- **Problem requirements**:
Pictures do not belong in the copy. Return all of the entries exactly.

[Captioned web images]
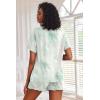 Ekouaer Pajamas Set for Women Short Sleeve Lounge Set 2 Piece Loungewear PJs Soft Cute Lightweight Sleepwear(Tie Dye Light Green)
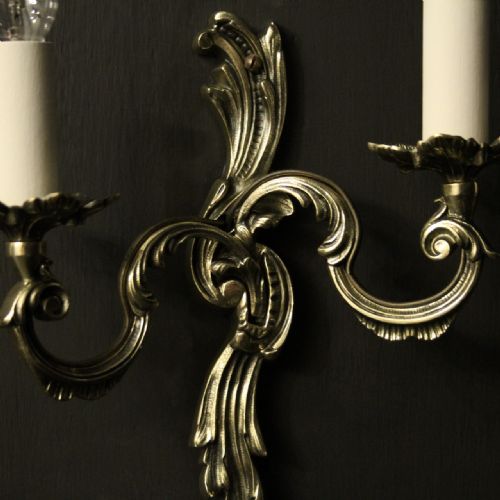 FRENCH PAIR OF REPOLISHED BRASS ANTIQUE WALL LIGHTS - ADDITIONAL PHOTO 5
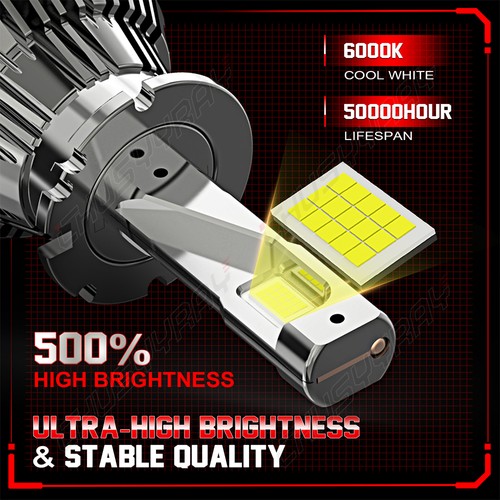 For 2004-2015 Infiniti QX56/QX80 Low Beam D2S 6000K White LED Headlight Bulbs - Picture 3 of 12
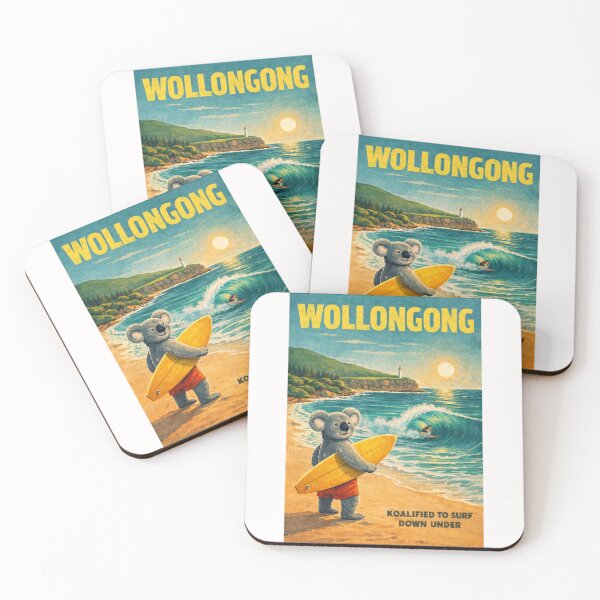 Item preview, Wollongong New South Wales Surf Coast with Wollongong Lighthouse and Pacific Ocean Waves designed and sold by Places On Earth.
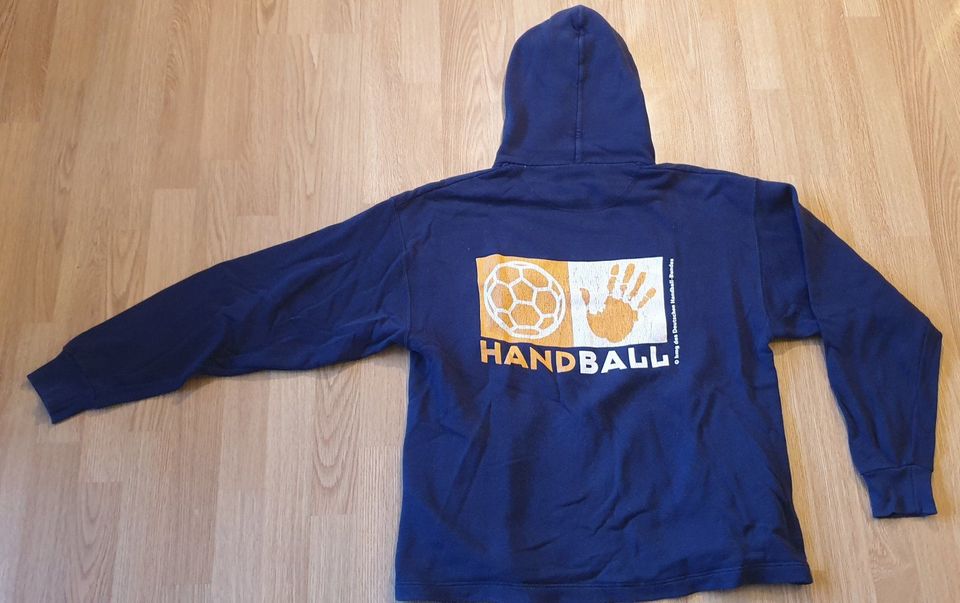 Jerzees Handball Hoody Pullover Sweathirt Kapuze Gr.M blau in Elmshorn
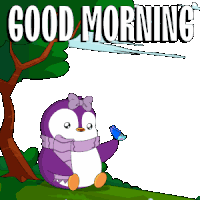 Good Morning Sun Sticker
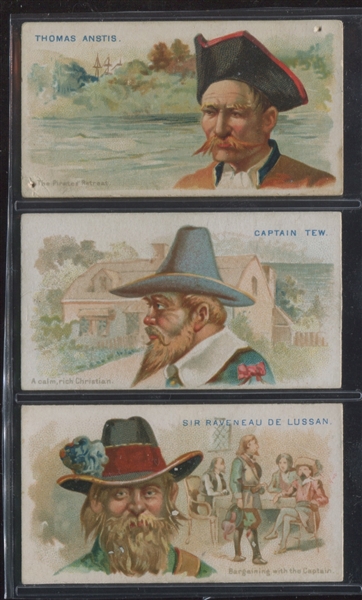 N19 Allen & Ginter Pirates of the Spanish Main Lot of (3) Cards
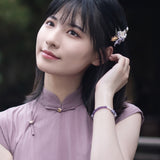 Violet Wisdom Amethyst Bracelet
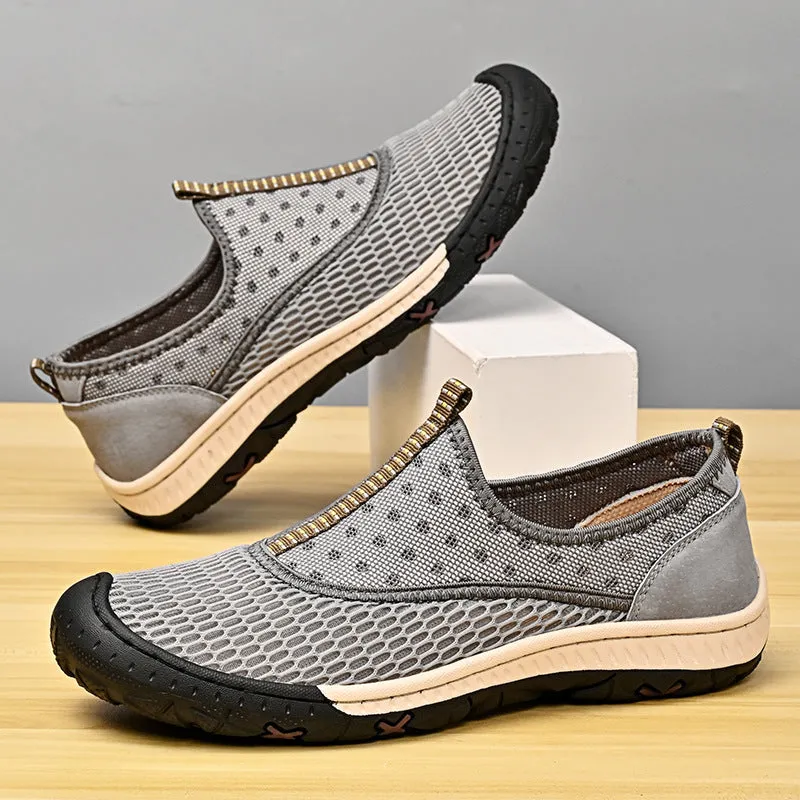 Breathable Comfortable Mesh Slip-On Orthopedic Outdoor Shoes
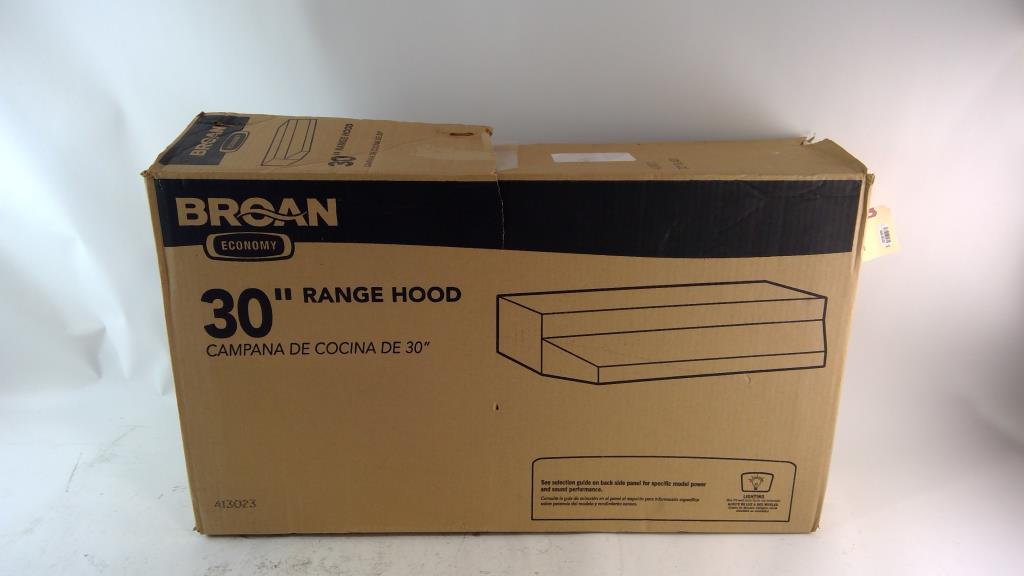 BROAN 30-IN BLACK RANGE HOOD - NEW, NEVER INSTALLED IN ORIGINAL BOX - Foto 12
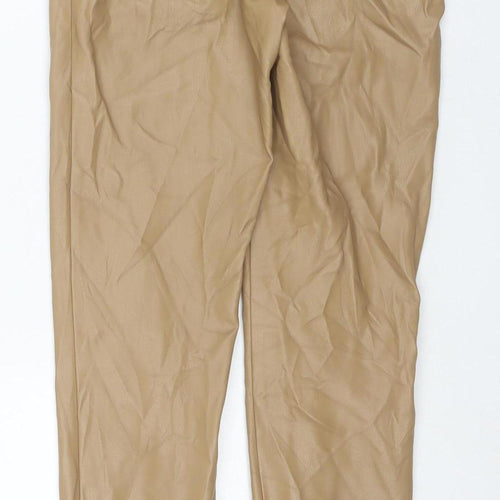 Zara Women's Beige Skinny Trousers Size 8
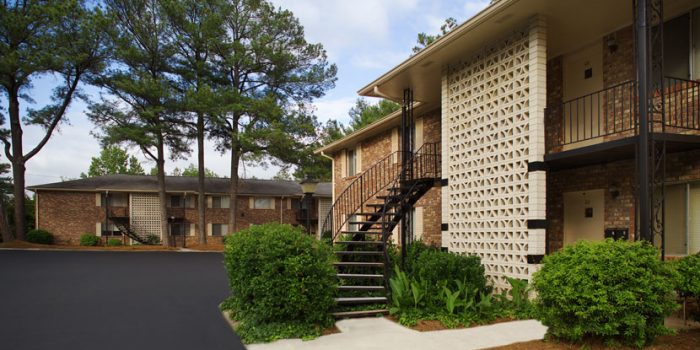 renovated multi-family property redevelopment project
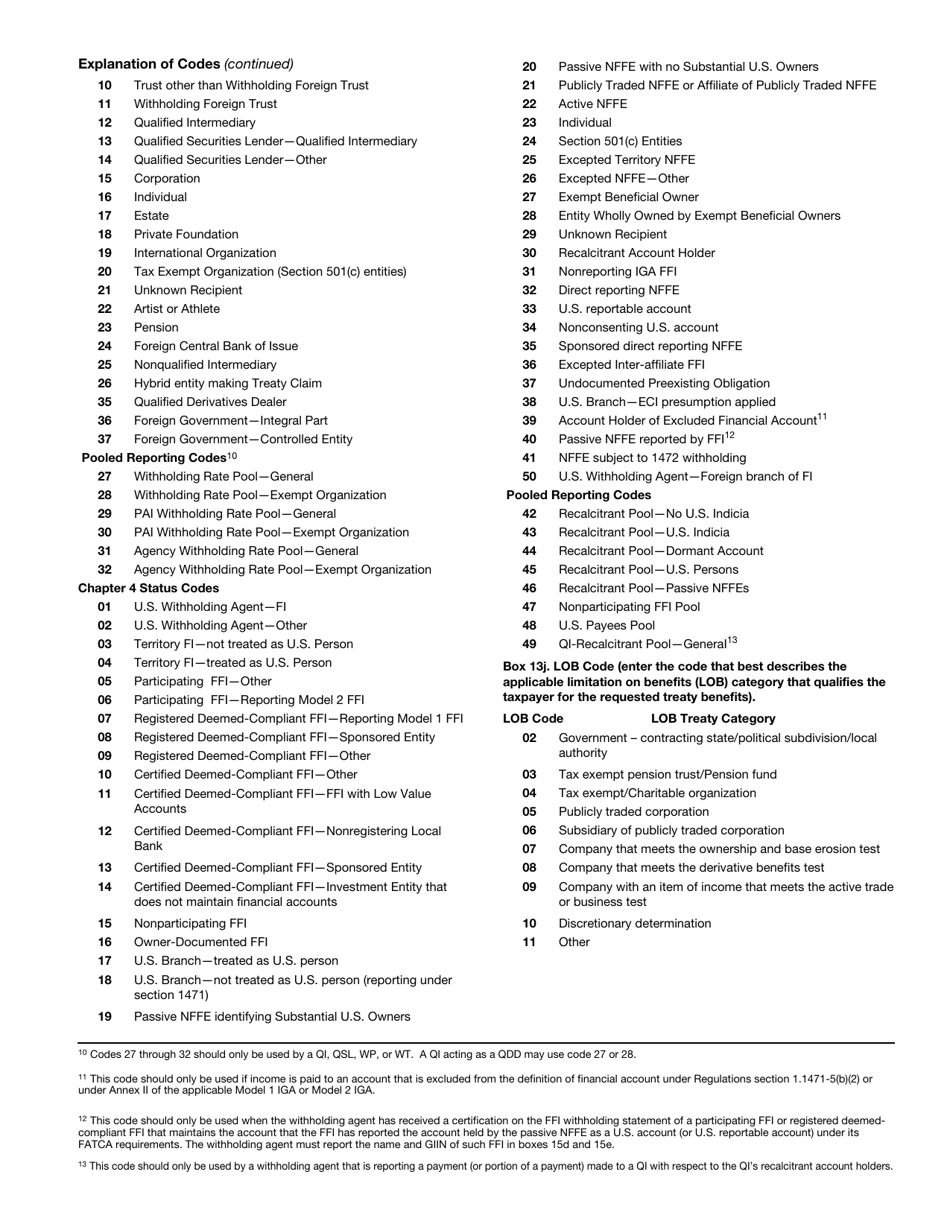 IRS Form 1042-S Foreign Persons U.S. Source Income Subject to Withholding, Page 7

- **Exercise answer**:
 Ekouaer Pajamas Set for Women Short Sleeve Lounge Set 2 Piece Loungewear PJs Soft Cute Lightweight Sleepwear(Tie Dye Light Green)
 FRENCH PAIR OF REPOLISHED BRASS ANTIQUE WALL LIGHTS - ADDITIONAL PHOTO 5
 For 2004-2015 Infiniti QX56/QX80 Low Beam D2S 6000K White LED Headlight Bulbs - Picture 3 of 12
 Item preview, Wollongong New South Wales Surf Coast with Wollongong Lighthouse and Pacific Ocean Waves designed and sold by Places On Earth.
 Jerzees Handball Hoody Pullover Sweathirt Kapuze Gr.M blau in Elmshorn
 Good Morning Sun Sticker
 N19 Allen & Ginter Pirates of the Spanish Main Lot of (3) Cards
 Violet Wisdom Amethyst Bracelet
 Breathable Comfortable Mesh Slip-On Orthopedic Outdoor Shoes
 BROAN 30-IN BLACK RANGE HOOD - NEW, NEVER INSTALLED IN ORIGINAL BOX - Foto 12
 Zara Women's Beige Skinny Trousers Size 8
 renovated multi-family property redevelopment project
 IRS Form 1042-S Foreign Persons U.S. Source Income Subject to Withholding, Page 7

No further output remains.